From their pet puppy contract:
"*WE REQUIRE THAT YOUR DOG EATS LIFE’S ABUNDANCE 
FOR THE LIFETIME OF THE DOG TO ASSURE GOOD HEALTH AND LONGEVITY 
(AND YES WE DO TRACK THE ORDERS THAT ARE PLACED) *
Please use [wyomingswarehouse.com] when ordering food."

That's a long time to feed a dog a specific food. However, it does not appear they link the feeding of the food to their guarantee, because they don't appear to offer a guarantee.

The puppy is guaranteed to be a functional, healthy companion dog. Every reasonable 
precaution has been taken to prevent this puppy from acquiring heredity hip dysplasia, 
elbow dysplasia, cataracts, or Subaortic Stenosis. Due to the unknown hereditary and 
environment causes of such defects, no guarantees will be given against them. 

Also if the pups were born on Sept 7, the sire could not have had his OFA clearances for hips and elbows when he was bred in the beginning to mid June.


----------



## Molly26 (Sep 30, 2013)

I will look elsewhere, thank you everyone! I so appreciate your input.


----------



## Golden999 (Jun 29, 2010)

Five good reasons not to buy from a breeder with that type of requirement:

1. Your dog may experience food allergies that necessitate a change of diet later in life.
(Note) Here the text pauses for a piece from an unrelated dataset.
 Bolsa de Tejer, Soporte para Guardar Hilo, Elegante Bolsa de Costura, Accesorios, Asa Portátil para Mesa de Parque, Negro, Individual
2. You may face financial circumstances that necessitate a less expensive dog food at some point in your dog's life (Even if you are well off, you never know what could happen- a sudden disability, bad investments, someone losing their job, collapse of the dollar, whatever).

3. You're presumably paying full price for the puppy upfront, but then your puppy's breeder will get a percentage of your food orders for the life of the dog. It's a hidden recurring fee. Unethical, and it'll cost you money.
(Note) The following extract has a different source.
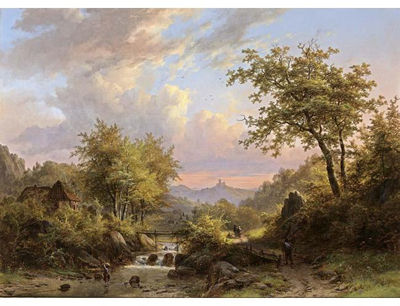 FIGURES IN A MOUNTAINOUS LANDSCAPE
4. On principle, never commit to buying anything indefinitely without a contract stipulating that the price remain steady. Let's say it's a great dog food, your dog develops no allergies, your money situation remains good, you don't have an issue with paying your breeder every month for the rest of the dog's life through the dog food kickback, etc.. You still could face an issue where the food, say, doubles or triples in price, especially if the manufacturer is aware that many people have a contractual obligation to buy it. If the old regular price was the same price as dog foods of equivalent quality of ingredients and nutritional value, if the price of your specific food tripled, you could switch to a similar food at a similar price to what you were being charged before. If you have a signed contract, you have no opportunity to do that.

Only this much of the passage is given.